• _Data to process_
------------------------

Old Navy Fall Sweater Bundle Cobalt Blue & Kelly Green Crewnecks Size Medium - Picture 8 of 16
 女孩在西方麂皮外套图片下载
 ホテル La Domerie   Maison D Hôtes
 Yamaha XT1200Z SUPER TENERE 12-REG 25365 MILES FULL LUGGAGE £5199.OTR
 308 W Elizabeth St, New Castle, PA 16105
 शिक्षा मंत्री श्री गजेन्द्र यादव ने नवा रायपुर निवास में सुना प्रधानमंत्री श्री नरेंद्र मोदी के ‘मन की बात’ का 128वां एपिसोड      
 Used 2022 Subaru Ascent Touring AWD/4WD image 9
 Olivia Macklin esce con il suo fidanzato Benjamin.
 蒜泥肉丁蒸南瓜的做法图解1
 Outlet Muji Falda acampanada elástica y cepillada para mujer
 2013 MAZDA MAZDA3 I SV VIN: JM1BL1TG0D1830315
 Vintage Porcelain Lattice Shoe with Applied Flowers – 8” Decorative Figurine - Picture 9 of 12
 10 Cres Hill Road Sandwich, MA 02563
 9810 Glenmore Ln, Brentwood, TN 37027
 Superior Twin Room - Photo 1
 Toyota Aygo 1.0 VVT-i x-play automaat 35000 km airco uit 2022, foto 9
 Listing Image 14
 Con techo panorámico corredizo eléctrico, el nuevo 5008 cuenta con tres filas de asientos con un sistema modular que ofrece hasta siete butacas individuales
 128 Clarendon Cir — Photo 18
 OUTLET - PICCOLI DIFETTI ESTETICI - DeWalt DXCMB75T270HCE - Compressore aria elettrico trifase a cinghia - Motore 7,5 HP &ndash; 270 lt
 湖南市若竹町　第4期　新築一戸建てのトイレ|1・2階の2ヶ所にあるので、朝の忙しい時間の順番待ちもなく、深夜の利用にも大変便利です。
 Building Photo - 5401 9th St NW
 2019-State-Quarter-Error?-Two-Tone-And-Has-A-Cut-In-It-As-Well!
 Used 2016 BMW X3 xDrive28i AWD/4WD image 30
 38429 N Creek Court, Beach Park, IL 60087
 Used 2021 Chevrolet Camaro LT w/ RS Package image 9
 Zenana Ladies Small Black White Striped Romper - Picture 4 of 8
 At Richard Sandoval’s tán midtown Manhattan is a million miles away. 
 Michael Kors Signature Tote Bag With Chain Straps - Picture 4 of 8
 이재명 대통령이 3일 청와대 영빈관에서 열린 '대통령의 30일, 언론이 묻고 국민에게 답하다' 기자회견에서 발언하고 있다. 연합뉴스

------------------------

• _What needs to be done_
Every entry should be output again exactly as written.

• _Response area_
Old Navy Fall Sweater Bundle Cobalt Blue & Kelly Green Crewnecks Size Medium - Picture 8 of 16
 女孩在西方麂皮外套图片下载
 ホテル La Domerie   Maison D Hôtes
 Yamaha XT1200Z SUPER TENERE 12-REG 25365 MILES FULL LUGGAGE £5199.OTR
 308 W Elizabeth St, New Castle, PA 16105
 शिक्षा मंत्री श्री गजेन्द्र यादव ने नवा रायपुर निवास में सुना प्रधानमंत्री श्री नरेंद्र मोदी के ‘मन की बात’ का 128वां एपिसोड      
 Used 2022 Subaru Ascent Touring AWD/4WD image 9
 Olivia Macklin esce con il suo fidanzato Benjamin.
 蒜泥肉丁蒸南瓜的做法图解1
 Outlet Muji Falda acampanada elástica y cepillada para mujer
 2013 MAZDA MAZDA3 I SV VIN: JM1BL1TG0D1830315
 Vintage Porcelain Lattice Shoe with Applied Flowers – 8” Decorative Figurine - Picture 9 of 12
 10 Cres Hill Road Sandwich, MA 02563
 9810 Glenmore Ln, Brentwood, TN 37027
 Superior Twin Room - Photo 1
 Toyota Aygo 1.0 VVT-i x-play automaat 35000 km airco uit 2022, foto 9
 Listing Image 14
 Con techo panorámico corredizo eléctrico, el nuevo 5008 cuenta con tres filas de asientos con un sistema modular que ofrece hasta siete butacas individuales
 128 Clarendon Cir — Photo 18
 OUTLET - PICCOLI DIFETTI ESTETICI - DeWalt DXCMB75T270HCE - Compressore aria elettrico trifase a cinghia - Motore 7,5 HP &ndash; 270 lt
 湖南市若竹町　第4期　新築一戸建てのトイレ|1・2階の2ヶ所にあるので、朝の忙しい時間の順番待ちもなく、深夜の利用にも大変便利です。
 Building Photo - 5401 9th St NW
 2019-State-Quarter-Error?-Two-Tone-And-Has-A-Cut-In-It-As-Well!
 Used 2016 BMW X3 xDrive28i AWD/4WD image 30
 38429 N Creek Court, Beach Park, IL 60087
 Used 2021 Chevrolet Camaro LT w/ RS Package image 9
 Zenana Ladies Small Black White Striped Romper - Picture 4 of 8
 At Richard Sandoval’s tán midtown Manhattan is a million miles away. 
 Michael Kors Signature Tote Bag With Chain Straps - Picture 4 of 8
 이재명 대통령이 3일 청와대 영빈관에서 열린 '대통령의 30일, 언론이 묻고 국민에게 답하다' 기자회견에서 발언하고 있다. 연합뉴스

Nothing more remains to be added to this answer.